Working data:
━━━━━━

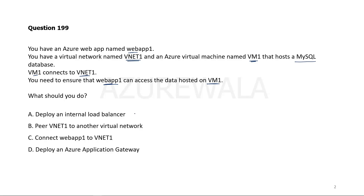Now we know that a load balancer is not useful for communicating with resources in a virtual network, network peering is not for that purpose, and Azure Application Gateway is also a load balancer which works on OSI Layer 7. Therefore, Option C — connect Web App 1 to VNet1 — is the correct answer.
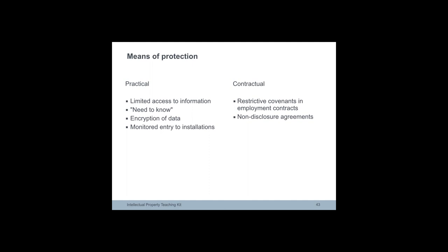The protection of trade secrets involves both practical arrangements to restrict access to knowledge and legal and contractual arrangements to ensure that those who have access to secret or confidential information do not divulge it.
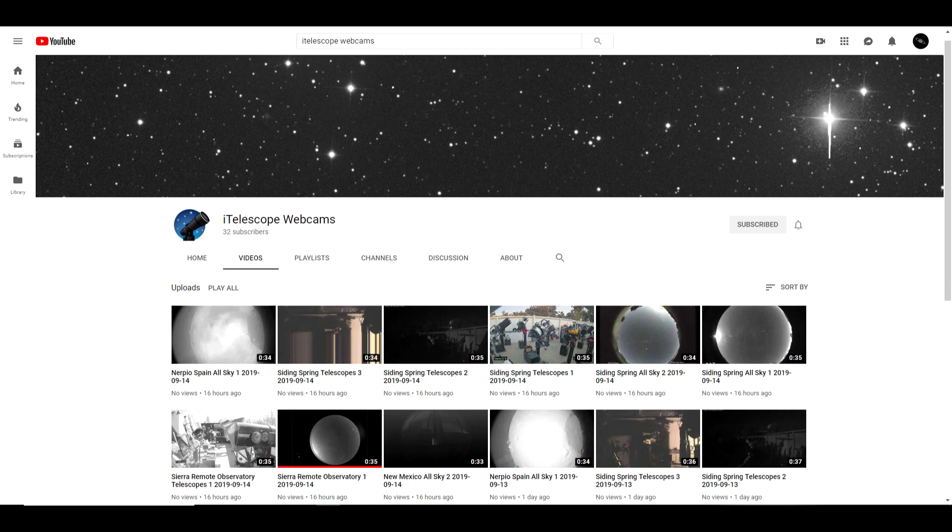Others are all sky cameras. There are webcams at each of the iTelescope facilities which are located in the US, Australia, and Spain and they are archived at 5 p.m. Eastern daily on this channel.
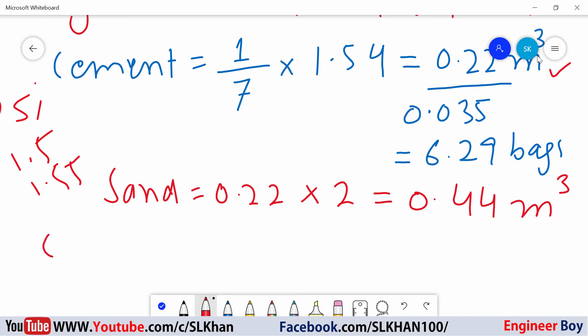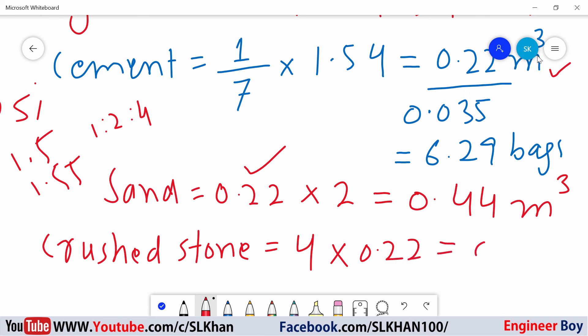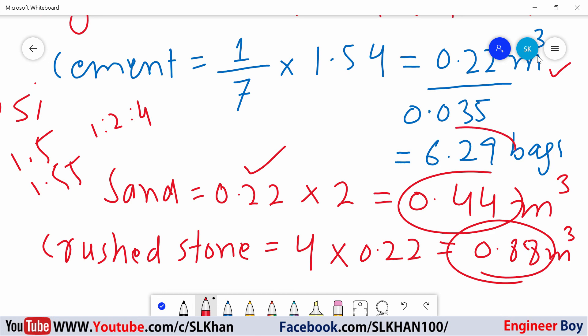The next thing is the coarse aggregate or crushed stone. The ratio for crushed stone is 4. We multiply 0.22 by 4, which gives 0.88 cubic meter of crushed stone. So, this is how we calculate materials for any type of concrete — whether it's 1:2:4, 1:3:6, or 1:4:8. In summary: we need 0.88 cubic meter crushed stone, 0.44 cubic meter sand, and 6.29 bags of cement per M15 concrete. Thank you.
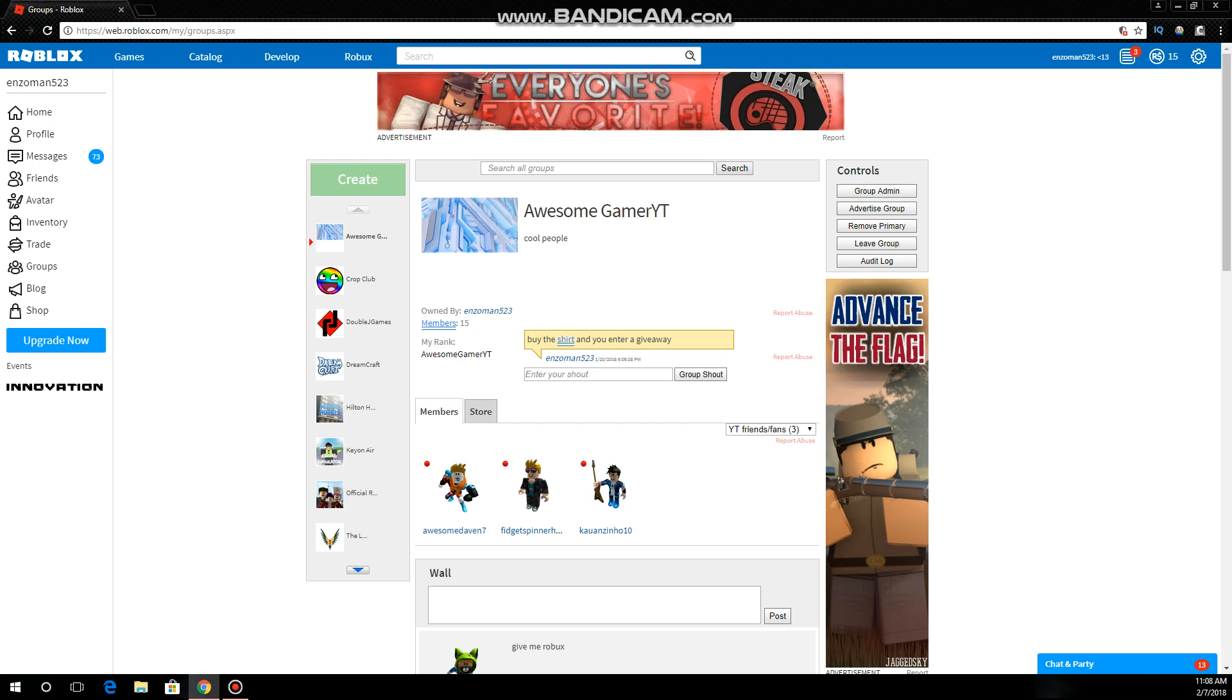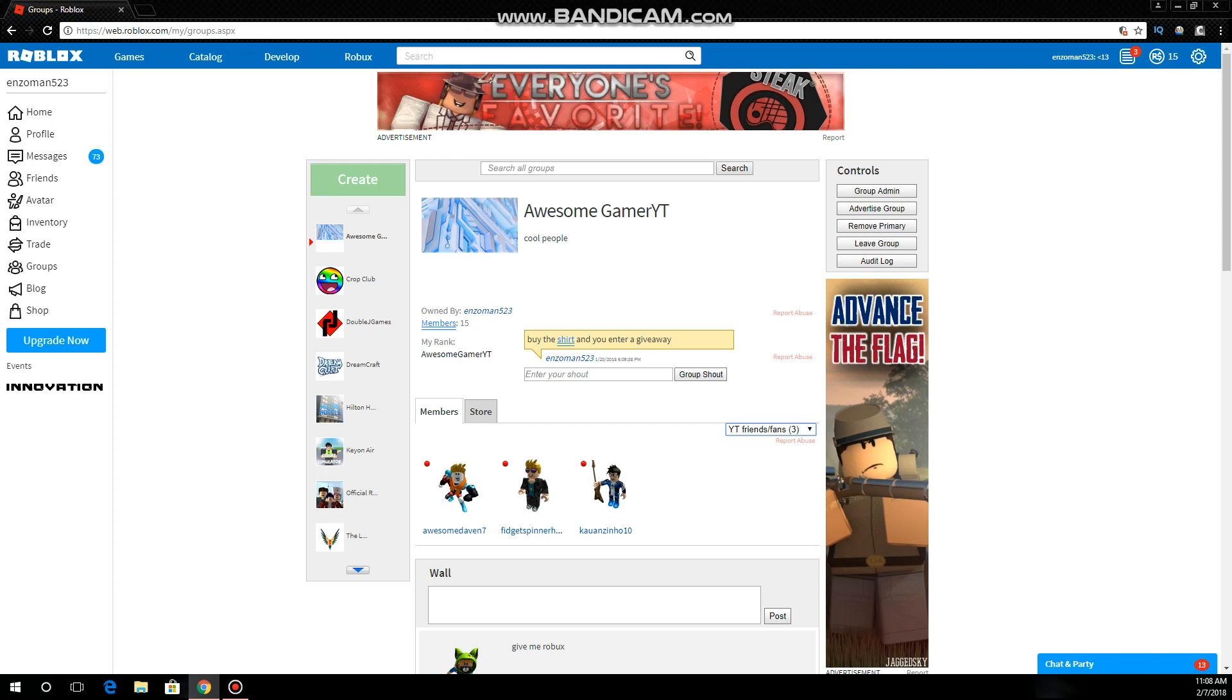This is all I'm doing, Robux giveaways and stuff guys. If you don't know what my group is, go to the video, it's something with my group, something like join my group.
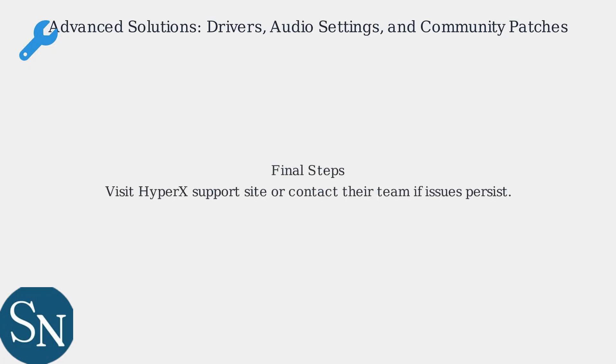If all else fails, visit the HyperX support site for their official troubleshooting guide or contact their support team directly.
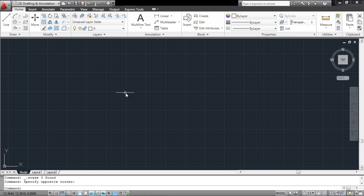In AutoCAD, you can customize, change, and save your workspace according to your requirements.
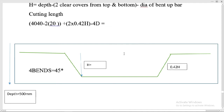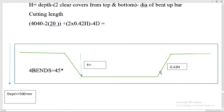The bent-up bar has four bends total: one at each end near the supports and two where it bends up at the mid-span. All four bends are 45-degree bends. The formula 0.42h gives the inclined length at 45 degrees, where h is the height from below the bar to the top.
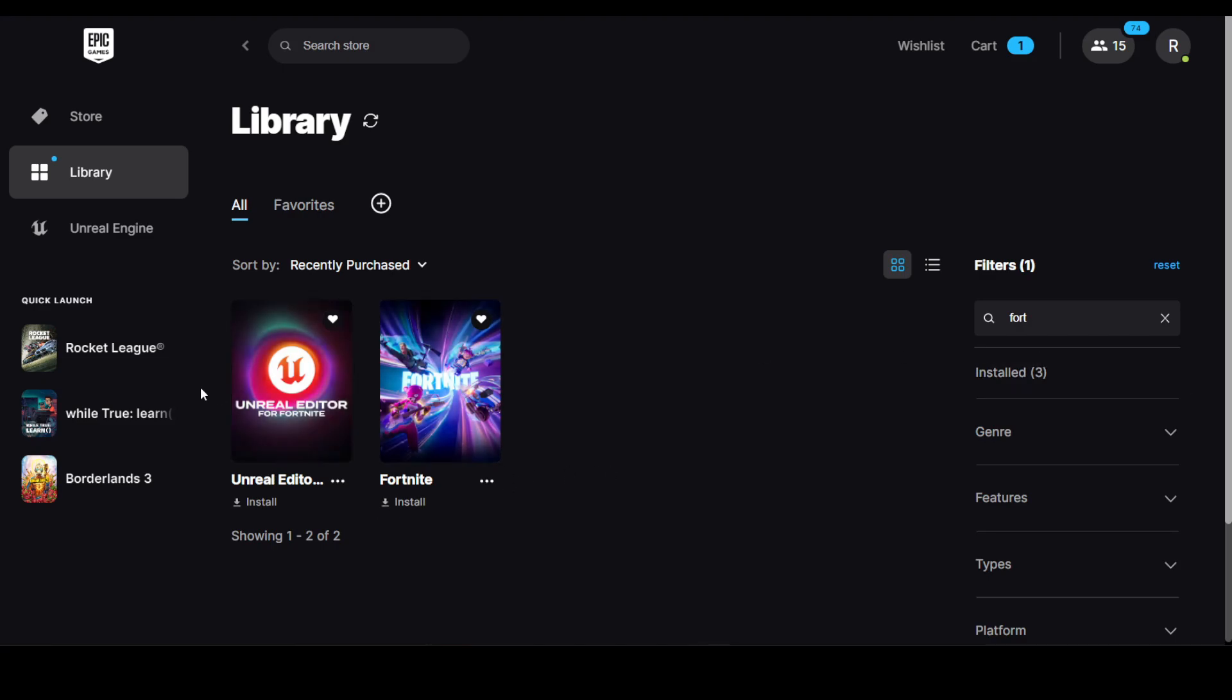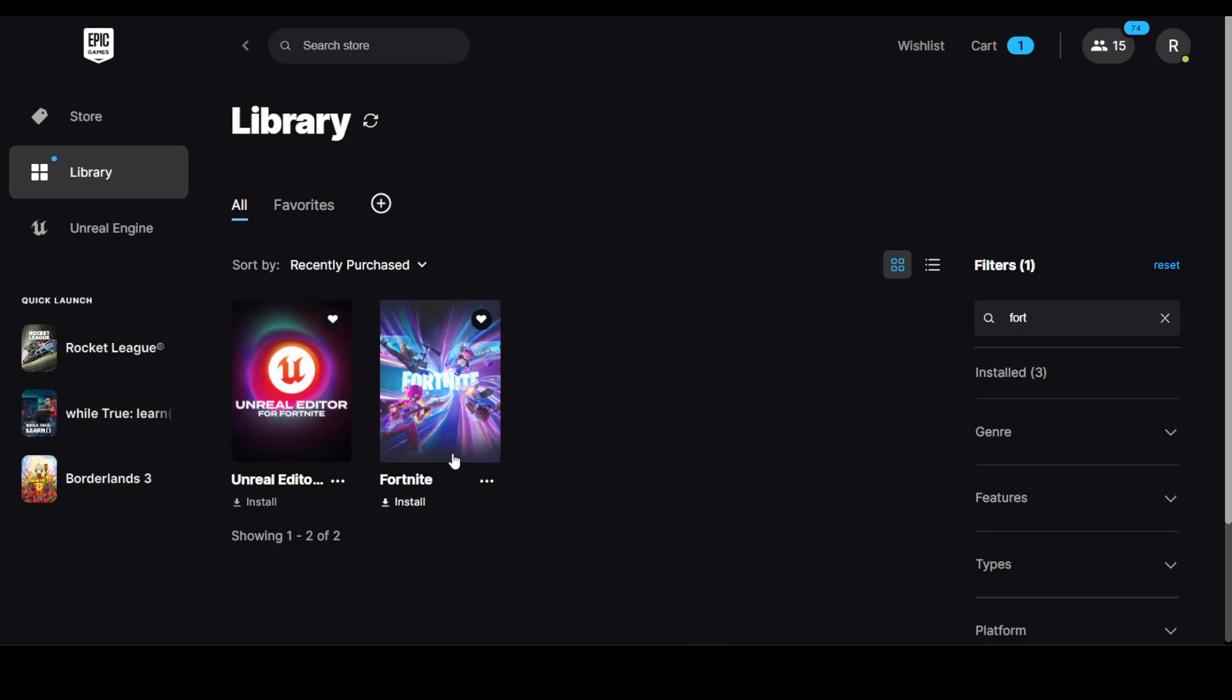All you need to do is click on install. It will show you this error - download size required this much and required storage space. But I don't have that much storage space, and I'm guessing if you're watching, you don't have that much either.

━━━━━━

About this task: The line with "If all else" marks the end: restate word for word every line from the top of the data through that one, omitting pictures.

Exercise answer:
Now we know that a load balancer is not useful for communicating with resources in a virtual network, network peering is not for that purpose, and Azure Application Gateway is also a load balancer which works on OSI Layer 7. Therefore, Option C — connect Web App 1 to VNet1 — is the correct answer.
The protection of trade secrets involves both practical arrangements to restrict access to knowledge and legal and contractual arrangements to ensure that those who have access to secret or confidential information do not divulge it.
Others are all sky cameras. There are webcams at each of the iTelescope facilities which are located in the US, Australia, and Spain and they are archived at 5 p.m. Eastern daily on this channel.
The next thing is the coarse aggregate or crushed stone. The ratio for crushed stone is 4. We multiply 0.22 by 4, which gives 0.88 cubic meter of crushed stone. So, this is how we calculate materials for any type of concrete — whether it's 1:2:4, 1:3:6, or 1:4:8. In summary: we need 0.88 cubic meter crushed stone, 0.44 cubic meter sand, and 6.29 bags of cement per M15 concrete. Thank you.
This is all I'm doing, Robux giveaways and stuff guys. If you don't know what my group is, go to the video, it's something with my group, something like join my group.
If all else fails, visit the HyperX support site for their official troubleshooting guide or contact their support team directly.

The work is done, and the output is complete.